Democrats from the White House on down are pushing back hard on a recent study concluding that up to 30% of employers providing health insurance coverage to 180 million workers will drop it after more provisions of the 2010 federal healthcare law are implemented in 2014.
Democrats to McKinsey: 'Prove it'
Nancy-Ann DeParle, assistant to the president and deputy chief of staff, wrote on the White House blog on June 8 that the study from McKinsey & Co. “doesn't provide the complete picture about how the Affordable Care Act will strengthen the healthcare system and make it easier for employers to offer high quality coverage to their employees.”
Among DeParle's specific criticisms was that the McKinsey study was an “outlier” because three previous studies by the RAND Corp., the Urban Institute and the consulting firm Mercer concluded that private employers would drop their employee coverage at much lower rates.

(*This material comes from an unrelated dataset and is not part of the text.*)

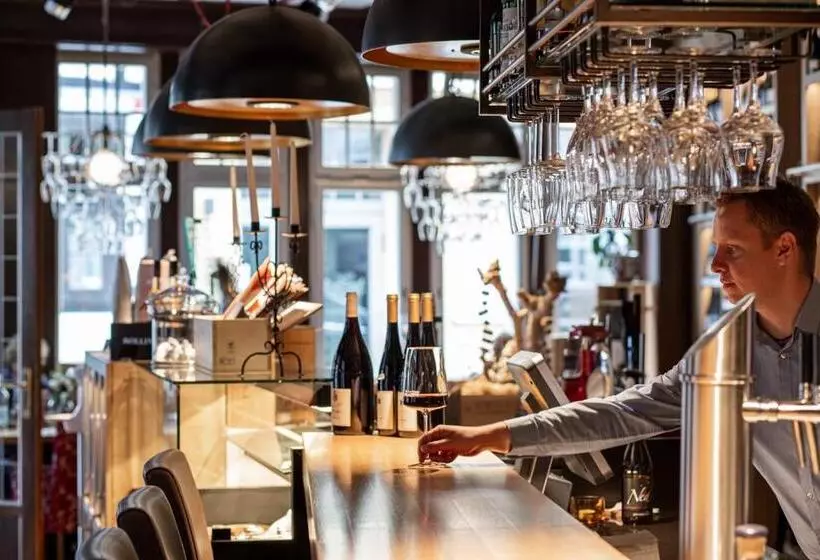 Hotelli Weinhaus Uhle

Additionally, dropping coverage is unlikely to save money for employers, DeParle wrote, because they will face penalties and lose tax savings. She also highlighted the lack of a similar trend of employers dropping their employee coverage in Massachusetts, which implemented a healthcare overhaul in 2006. That program echoes some aspects of the federal law.
DeParle and other critics of the McKinsey study have blasted that company for not releasing the design of the survey or the questions asked of the 1,300 responding employers.
“Refusing to release the underlying questions and methodology undermines the credibility of the findings,” wrote California Rep. Henry Waxman and other leading House Democrats in a June 16 letter to the company. “We are concerned that, if the survey based its conclusions on a questionable instrument and potentially biased methodology, McKinsey may have provided the American public with invalid information about the impact of the Affordable Care Act.”
Sen. Max Baucus (D-Mont.), chairman of the Senate Finance Committee and one of the authors of the 2010 law, wrote the company with similar demands.
“We all want the most accurate information and the ability to evaluate its integrity, which is why McKinsey should answer these basic questions,” Baucus wrote in a June 16 letter to the company.
Those requests have so far not drawn more details from McKinsey, which did not respond to my request for the information, either.
But the strong responses by Democrats to the study do highlight their ongoing concerns about the potency of various arguments against the law, including the predictions of opponents that it would lead to millions of Americans losing their current insurance coverage. And that coverage is overwhelming popular among American workers, even as the overall healthcare system is routinely criticized.
The battle over the McKinsey study also comes as most of the public continues to oppose the healthcare law. The RealClearPolitics poll of polls reported Friday that an average of 50% oppose the law, while 40% support it. That popularity deficit generally dates back to the law's passage, according to the site.